**DESCRIPTION OF THE TASK:**
Reproduce the listing that follows word for word, without its pictures.

**RECORDED INFORMATION:**
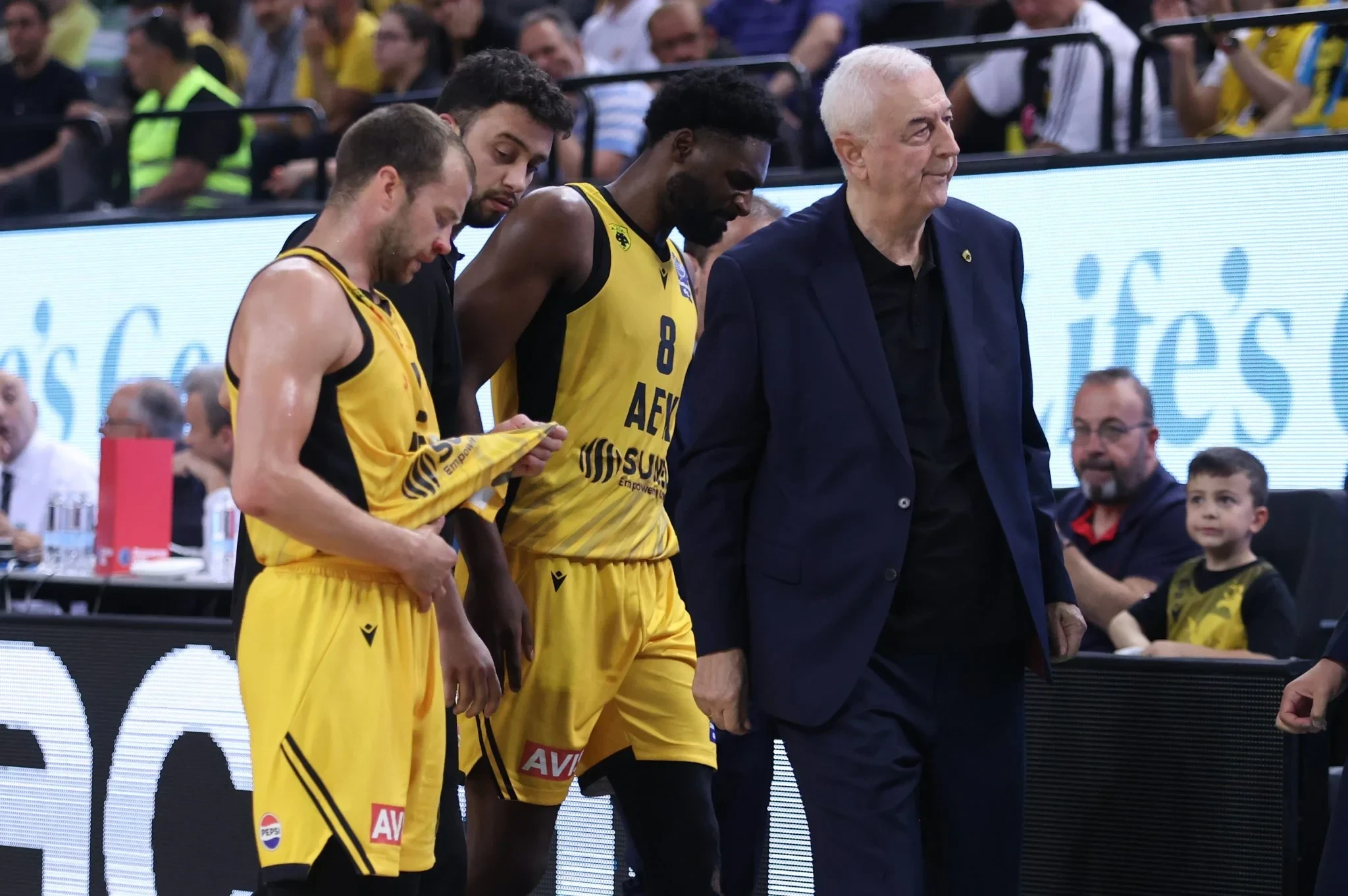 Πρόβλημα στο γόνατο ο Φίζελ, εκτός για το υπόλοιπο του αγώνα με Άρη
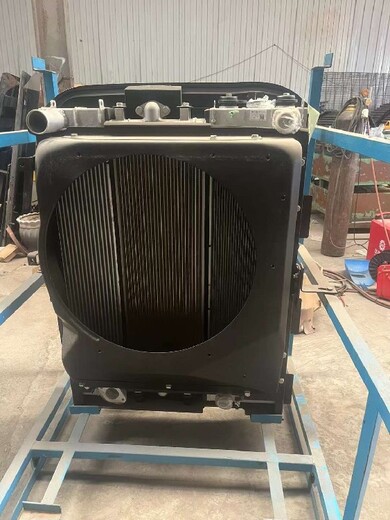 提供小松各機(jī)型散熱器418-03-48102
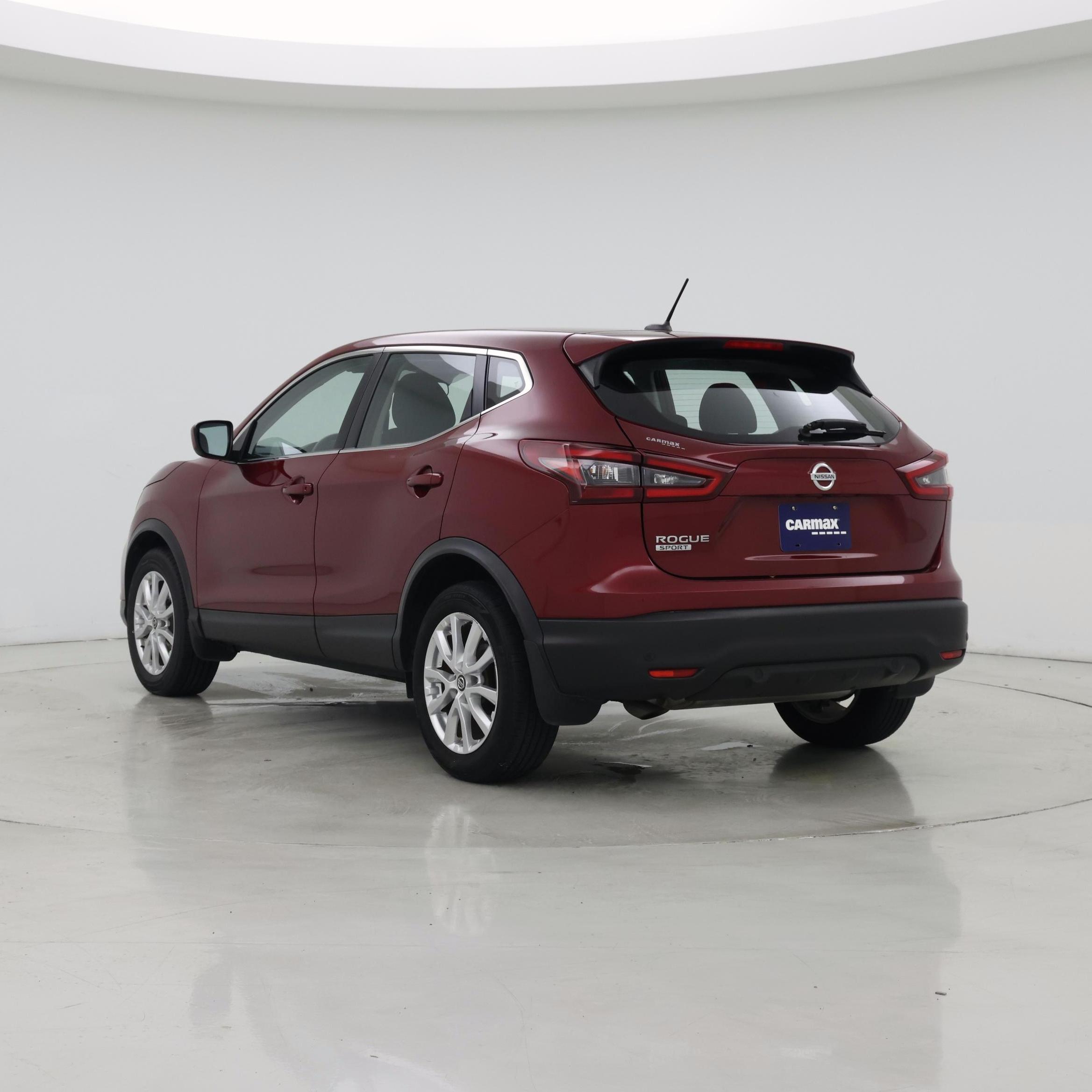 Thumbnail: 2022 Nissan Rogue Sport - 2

**EXERCISE RESPONSE:**
 Πρόβλημα στο γόνατο ο Φίζελ, εκτός για το υπόλοιπο του αγώνα με Άρη
 提供小松各機(jī)型散熱器418-03-48102
 Thumbnail: 2022 Nissan Rogue Sport - 2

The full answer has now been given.